Look at the political and corporate landscape of 20 years ago and see how many ways you can begin the sentence, "...then seemed about as likely as Microsoft opensourcing their most recent Windows and Office." It takes a teenager, or someone with a teenage mindset, to look so much in the here and now.
Well, I'm obviously too young (but teenager? not so much) to have had a good overview over the corporate landscape of 20 years ago... but I think it's pretty clear that Microsoft is as likely to opensource their products now as they were then.
Besides, even just 5 or so years are half an eternity in tech, and I think my point holds pretty well for such time scales.
The other "as likely as..." things? Well, people claiming this for Linux (server), laptops, Myspace (later Facebook) just lack foresight. ;P
Also, Windows source code. "I meant open in precisely the way I want it to be open." Of course you did.
I was just using the common knowledge standard definition.
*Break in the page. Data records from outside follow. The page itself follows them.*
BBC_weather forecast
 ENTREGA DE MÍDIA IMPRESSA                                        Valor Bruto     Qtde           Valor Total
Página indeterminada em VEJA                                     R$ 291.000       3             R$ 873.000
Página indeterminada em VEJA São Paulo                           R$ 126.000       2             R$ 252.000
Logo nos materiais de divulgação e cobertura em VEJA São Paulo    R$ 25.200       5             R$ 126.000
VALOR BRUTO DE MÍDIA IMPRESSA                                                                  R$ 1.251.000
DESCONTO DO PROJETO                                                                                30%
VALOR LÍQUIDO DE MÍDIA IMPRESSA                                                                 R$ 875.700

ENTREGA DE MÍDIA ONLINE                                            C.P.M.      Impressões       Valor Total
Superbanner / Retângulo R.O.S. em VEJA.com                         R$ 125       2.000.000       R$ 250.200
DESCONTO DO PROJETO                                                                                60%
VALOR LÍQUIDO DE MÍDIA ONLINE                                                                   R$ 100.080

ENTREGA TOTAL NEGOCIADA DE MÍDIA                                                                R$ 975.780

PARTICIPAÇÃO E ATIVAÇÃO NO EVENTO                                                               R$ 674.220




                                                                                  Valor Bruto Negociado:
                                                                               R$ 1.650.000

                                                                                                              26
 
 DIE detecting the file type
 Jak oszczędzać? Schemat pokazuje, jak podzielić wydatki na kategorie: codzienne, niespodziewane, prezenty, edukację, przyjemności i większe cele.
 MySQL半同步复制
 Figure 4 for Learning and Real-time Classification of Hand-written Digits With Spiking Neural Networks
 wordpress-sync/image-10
Or would you seriously claim here and now, on a tech site, that the Windows source code is open source? And then you talk about "open exactly as I want it"...
Also, of course Google hasn't promised a blanko cheque for every user of VP8. MPEG-LA hasn't done it either for h264.
Which, after a long and complicated series of technical legal arguments, allows us to conclude that you're no safer with one than the other.
Exactly what I tried to conclude. You're not less safe with Google just because they don't give you unlimited insurance.